1. MAP programs discriminate against the online sales channel: it’s not obvious what Mr. Pierce means by this criticism.  Perhaps he is referring to the difficulties of determining whether or not an online price is “advertised” or not (see my previous post).  In any event, generally speaking, cooperative advertising incentives need to be reasonably available to all distributors or dealers.

2. Successful online dealers have significant costs: Undoubtedly true.  And if a MAP program were justified on the grounds that e-commerce is cheap and therefore needs price controls, it might be objectionable.  But MAP programs rarely are so justified.

3. Manufacturers should not protect inefficient dealers: All things being equal, cheaper distribution is better distribution.  But MAP programs do not necessarily prevent cheaper distribution.  They prevent the advertising of prices below a certain threshold — or, more precisely, in most cases, present such advertising if the dealer wants to receive some advertising coop monies.  Would manufacturers really want to keep distribution costs up?

4. MAP pricing is not automatically legal: The author appears to be conflating MAP pricing and resale price maintenance (RPM).  It is certainly true, however, that RPM is not per se lawful.

5. MAP pricing may facilitate unlawful collusion: This is a potential danger, and requires that MAP programs be structured appropriately.  Usually, however, this potential danger can be mitigated adequately.

I’ll address more of the criticisms in an upcoming post.

Minimum Advertised Price Programs

Under federal law, it is no longer per se illegal for a manufacturer to agree on resale prices with its distributor.  State laws still vary, however, and even under federal law the practice can be unlawful under a detailed market analysis that weighs all the pro-competitive and anti-competitive effects of the resale price maintenance.
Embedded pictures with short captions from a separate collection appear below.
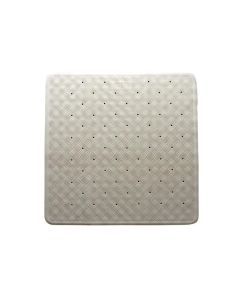 Square Anti Slip Loofah Shower Rug Non Slip Rubber Bath Mat - Beige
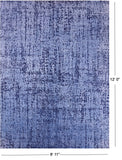 Blue Abstract Contemporary Handmade Wool & Silk Rug - 8' 11" X 12' 0" - Golden Nile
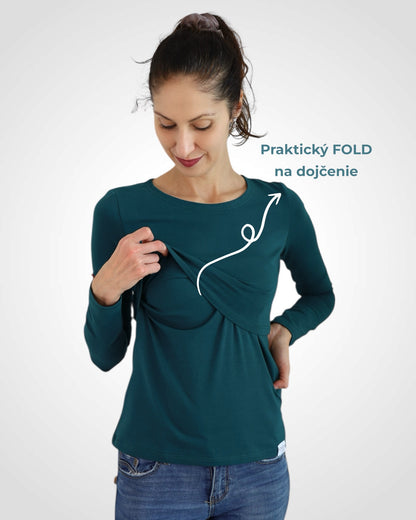 Tričko na dojčenie Smaragd z BIO bavlny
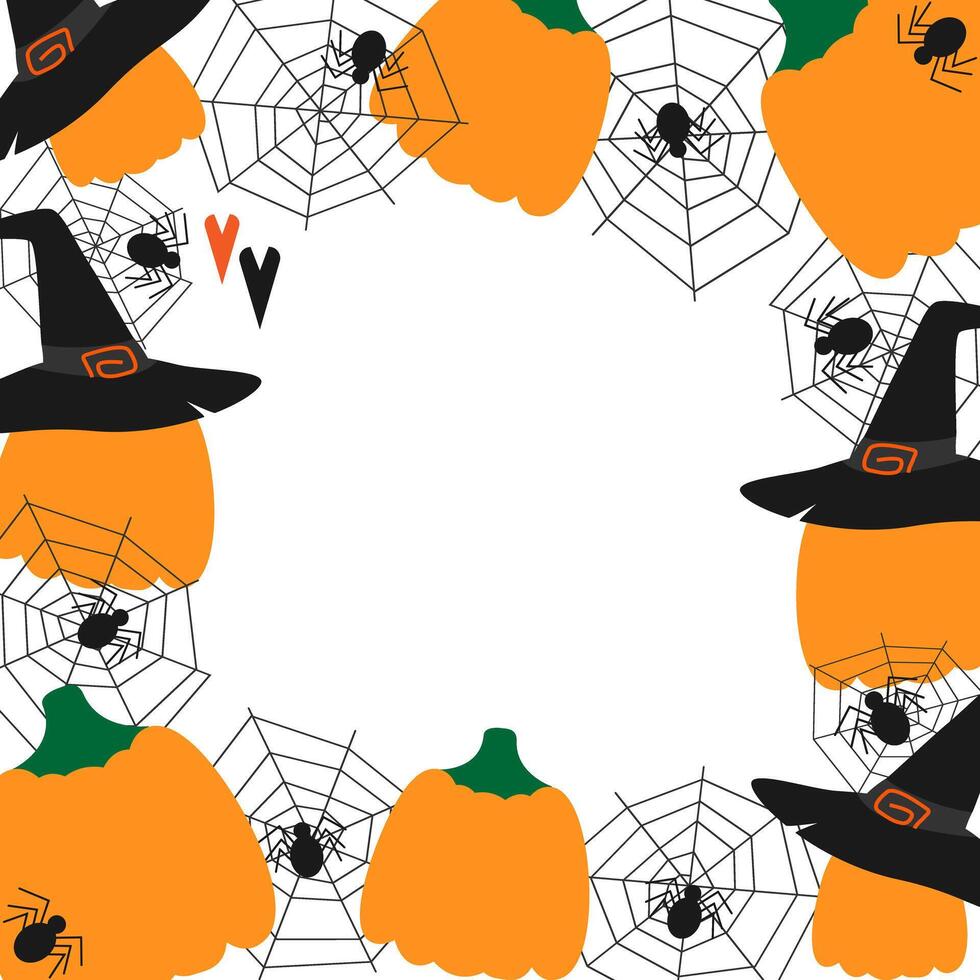 Pumpkins in Witch caps spiders on cobweb square Frame border Halloween greetings Copy space Template. Isolated illustration Thematic cards or web promo banner, leaflet, price, label, invitation vector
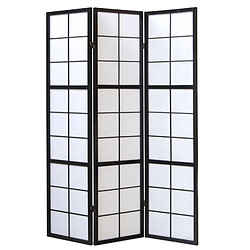 Homestyle4U Paravent bois 3 pans noir
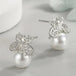 S925 new bee pearl earrings light luxury temperament freshwater Nexellus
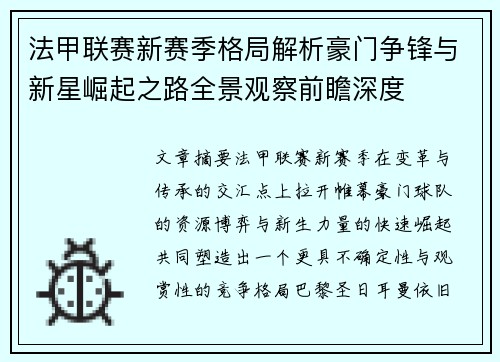法甲联赛新赛季格局解析豪门争锋与新星崛起之路全景观察前瞻深度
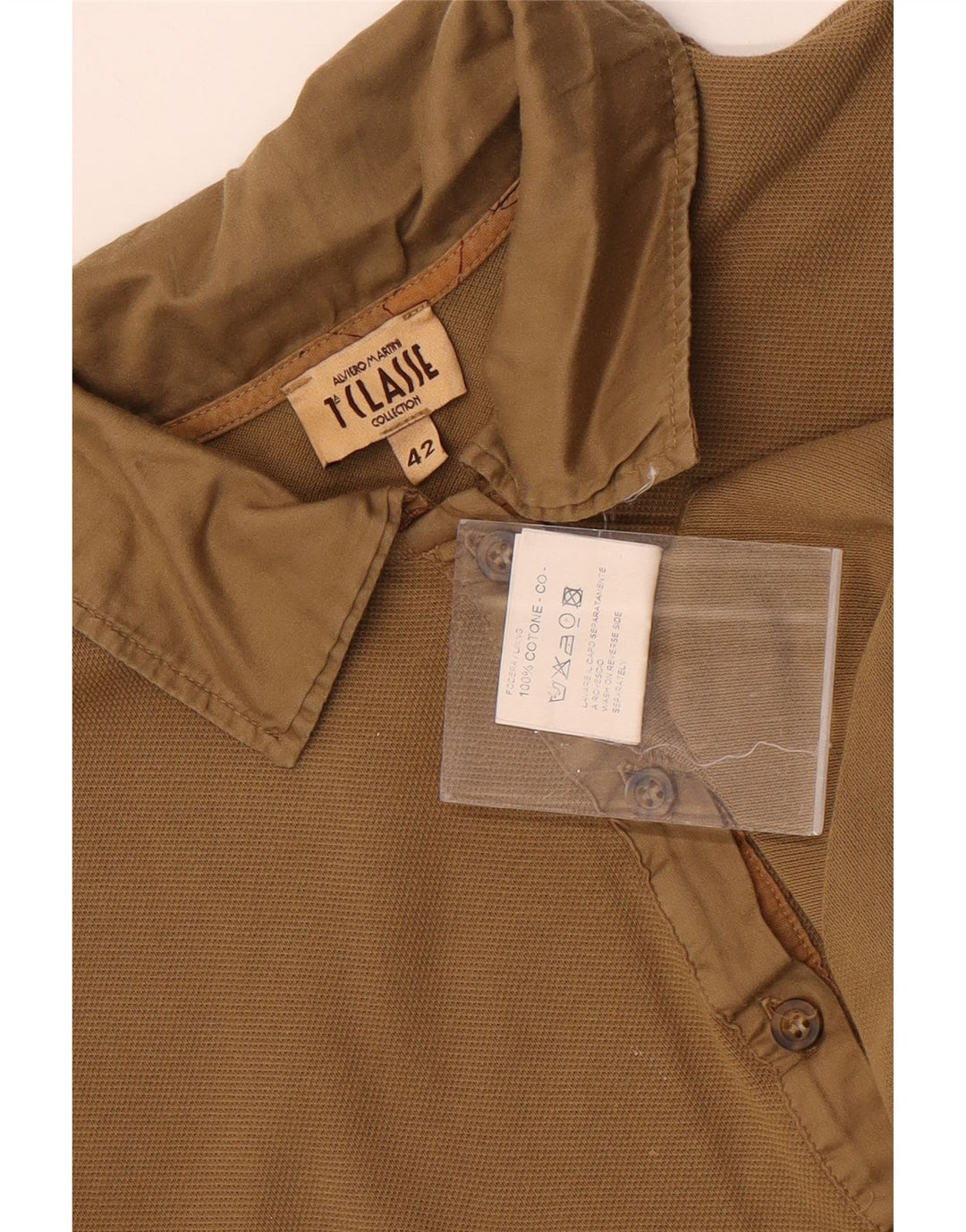 ALVIERO MARTINI Damen Poloshirt IT 42 Medium Khaki Check Baumwolle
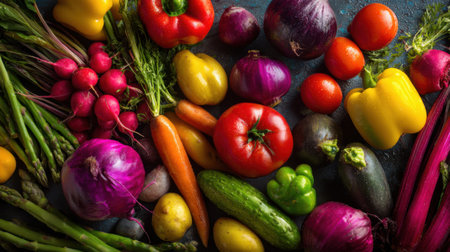 A vibrant collection of fresh vegetables and herbs displayed beautifully on a blue surface, perfect for promoting healthy eating and culinary creativity.の素材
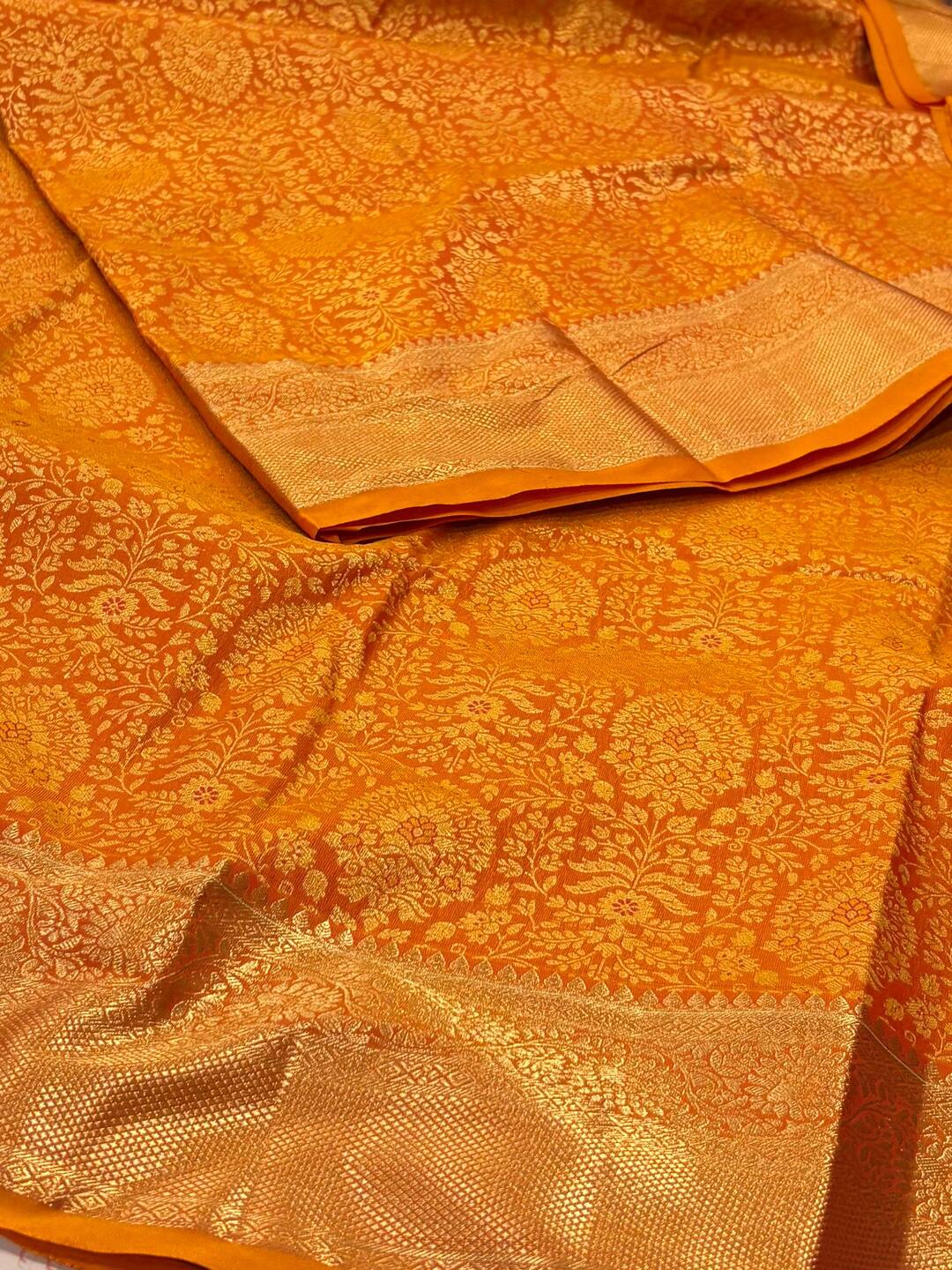 Golden Orange Semi Kanchi Silk Saree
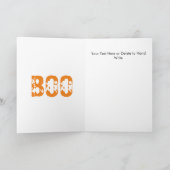 Orange Boo Halloween Gruseliger Totenkopf Muster Karte (Innenseite)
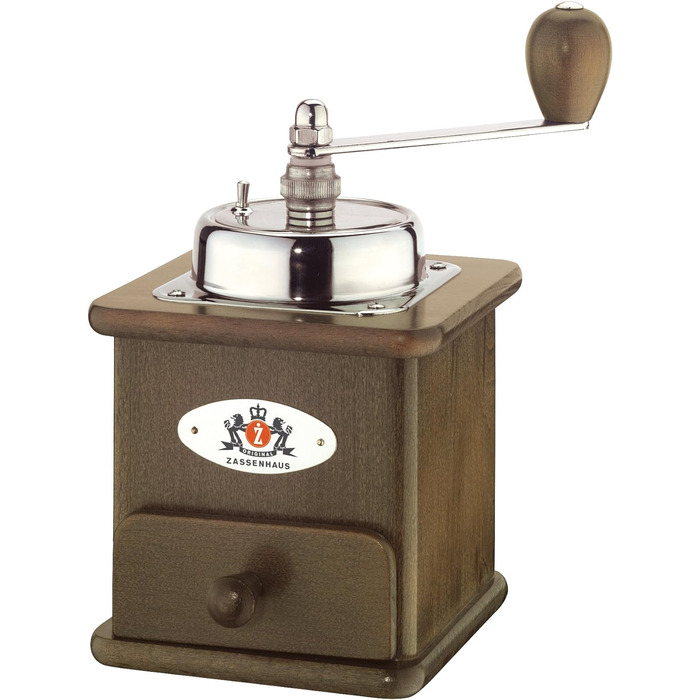 Ручна кавомолка Zassenhaus BRASILIA Темний морений бук 12 x 12,5 x 20 см для помелу кавових зерен Плавне регулювання помелу з оригінальною шліфувальною машиною Zassenhaus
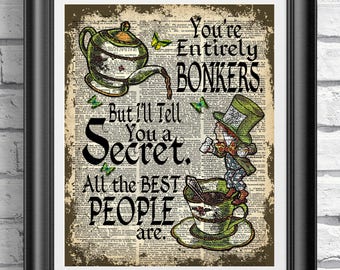 Alice in wonderland book page print, Mad Hatter Quote Bonkers, Teacup and teapot, OOAK Wall Hangings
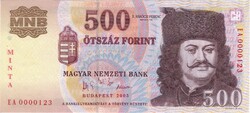 500 forint 2005 MINTA UNC alacsony sorszám "0000123"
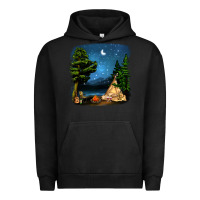 Pigment Black Night Glamping Camp With Wine Urban Hoodie - BundleAndBundleShop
However, manufacturers and distributors can avoid these complexities if they do not agree on resale prices, but agree on minimum advertised prices.  The distributors are free to set their own prices, but if they want advertising co-op funds (or other benefits), then they cannot advertise lower prices.

I’ll post more on MAP programs in a bit.

 

Enforcing Online Resale Prices Can Be Problematic

Leegin Creative Leather Prods., Inc. v. PSKS, Inc., 551 U.S. 877 (2007), held that resale price maintenance – even minimum resale price maintenance – is not per se illegal under federal antitrust laws. However, resale price maintenance, or RPM, remains vulnerable to attack under various state laws. In California v. Bioelements, Inc., Cal. Superior Ct. (Riverside County, Jan. 11, 2011), the California Attorney General reached an agreement with a cosmetics company to resolve charges brought under the Cartwright Act and California’s Unfair Competition Law that the company had engaged in price-fixing by prohibiting retailers from selling products online at a discount from suggested retail prices. The Attorney General did not charge that products sold in brick-and-mortar stores were subject to any similar agreement. The settlement agreement contemplates injunctive relief and civil penalties. Bioelements cautions that RPM remains problematic, and illustrates the limits of what manufacturers can do to address tensions between online and brick-and-mortar distribution – e.g., tensions caused by the perception that online retailers may “free ride” on the efforts of brick-and-mortar distributors.